Sunday, February 13, 2005

Tarry & Revolt

As someone occasionally reproached for my rather relaxed style of life, my ponderous reluctance to 'get a move on', I was delighted to discover a fully-fledged philosophical and political justification, here:

"Our world is marked by its speed: the speed of historical change; the speed of technical change; the speed of communications; of transmissions; and even the speed with which human beings establish connection with one another. This speed exposes us to the danger of a very great incoherency. It is because things, images and relations circulate so quickly that we do not even have time to measure the extent of this incoherency.... Philosophy must propose a retardation process.

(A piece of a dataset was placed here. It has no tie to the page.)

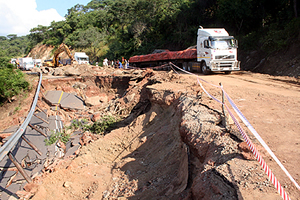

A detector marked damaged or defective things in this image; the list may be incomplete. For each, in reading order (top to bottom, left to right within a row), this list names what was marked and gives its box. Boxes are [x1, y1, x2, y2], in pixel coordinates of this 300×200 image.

It must construct a time for thought, which, in the face of the injunction to speec, will constitute a time of its own. I consider this a singularity of philosophy; that its thinking is leisurely, becuase today revolt requires leisureliness and not speed. This thinking, slow and consequently rebellious, is alone capable of establishing the fixed point.. which we need in order to sustain the desire of philosophy."

Thus, the injunction of thought is to arrest, to interrupt. It is a matter of road blocks and dams, of side-stepping 'efficiency' and of refusing to metabolise or to salute the stream of ready-made ideas and images which speed up time and speed us on to a future we have not chosen. This reversal of temporal priorities is not a hundred miles away from Walter Benjamin and his belief that the state of emergency was that things just kept going on as they were, so that the truly revolutionary action was not a dizzy acceleration of time but its sudden cessation or arrest.

A related, rather cursory thought: how the 'purple finger' icon was so speedily set in motion, 'a transferable motif to be worn and marketed', meme-ing through blog-space, now appearing on cups and other paraphenalia, a ready-made ideogram carelessly metabolised by the willing before any real thought about the elections had chance to get to work.

n.b., Adorno and Horkheimer on 'speed':

Whether folk-songs were rightly or wrongly called upper-class culture in decay, their elements have only acquired their popular form through a long process of repeated transmission. The spread of popular songs, on the other hand, takes place at lightning speed. The American expression “fad,” used for fashions which appear like epidemics – that is, inflamed by highly-concentrated economic forces – designated this phenomenon long before totalitarian advertising bosses enforced the general lines of culture. When the German Fascists decide one day to launch a word – say, “intolerable” – over the loudspeakers the next day the whole nation is saying “intolerable.”